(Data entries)
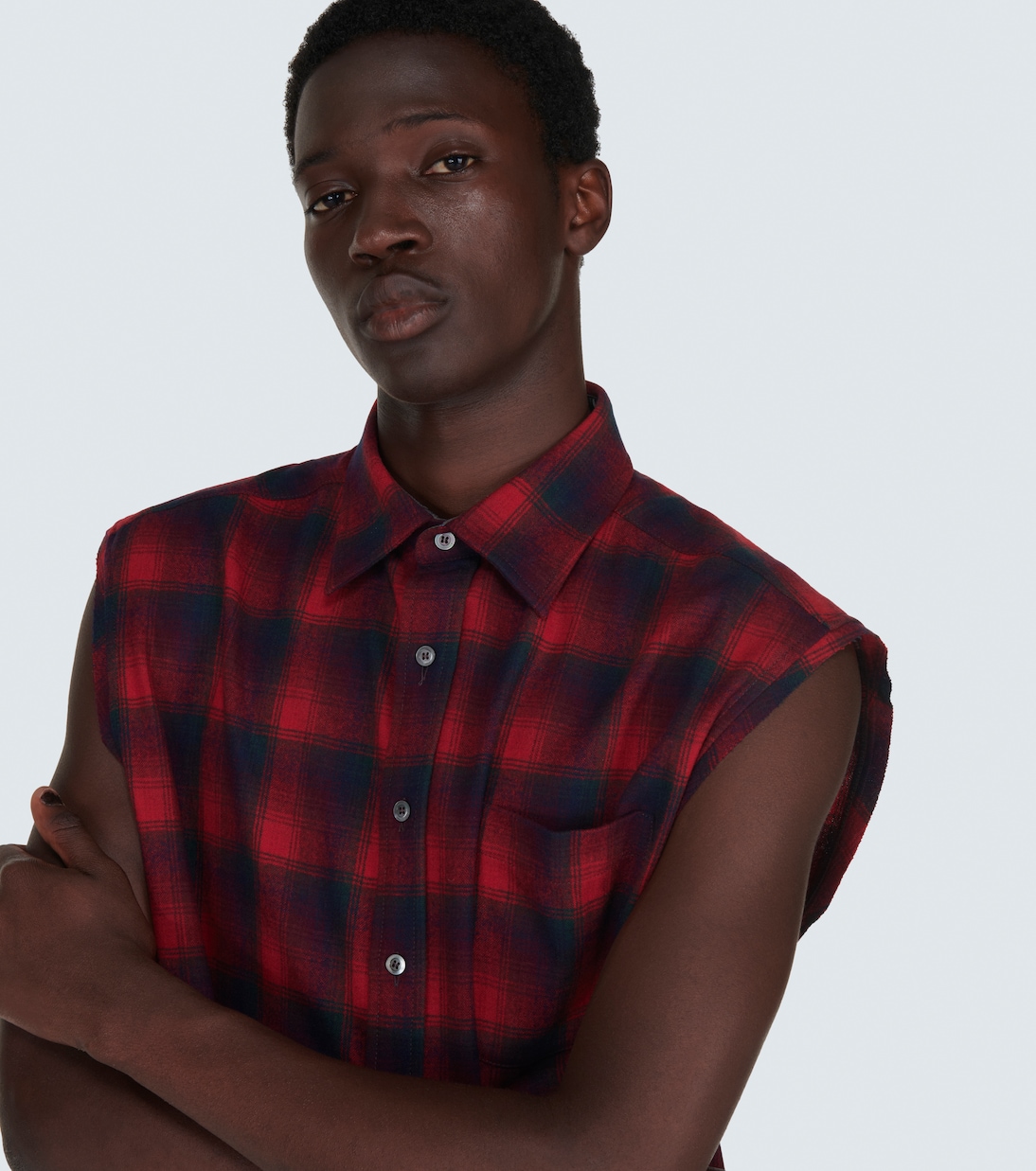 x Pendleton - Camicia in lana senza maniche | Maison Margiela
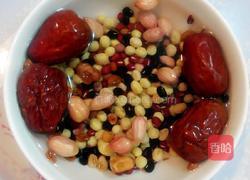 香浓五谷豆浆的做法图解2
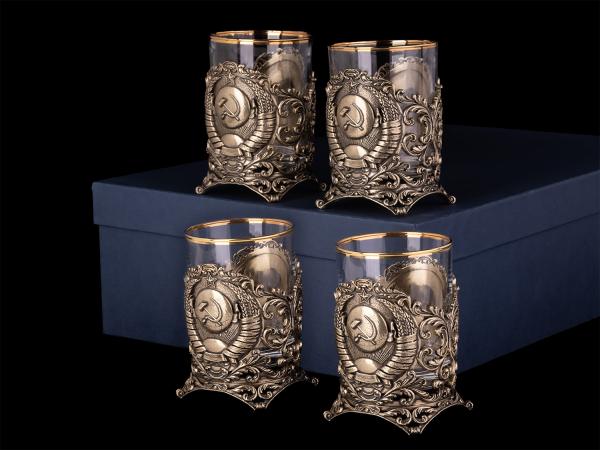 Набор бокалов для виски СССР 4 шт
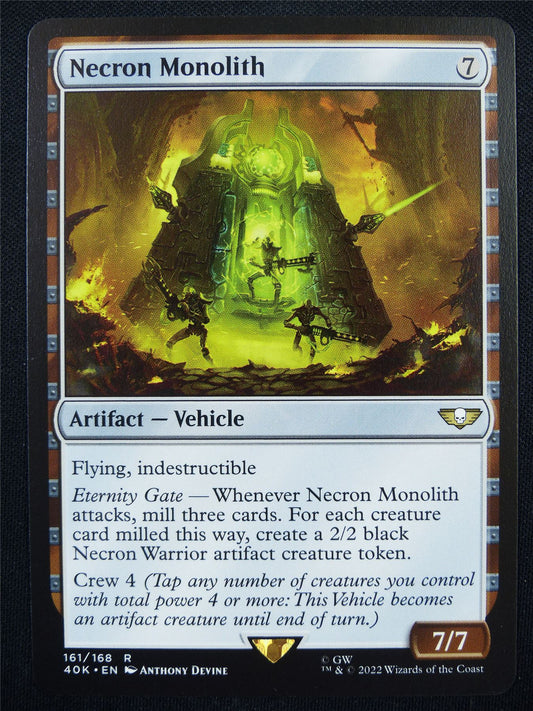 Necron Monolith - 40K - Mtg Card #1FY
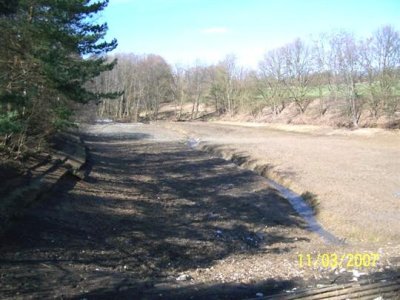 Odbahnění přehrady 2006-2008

▸ Exercise prompt
Repeat the data word for word; drop the pictures.

▸ Solution for this exercise
 x Pendleton - Camicia in lana senza maniche | Maison Margiela
 香浓五谷豆浆的做法图解2
 Набор бокалов для виски СССР 4 шт
 Necron Monolith - 40K - Mtg Card #1FY
 Odbahnění přehrady 2006-2008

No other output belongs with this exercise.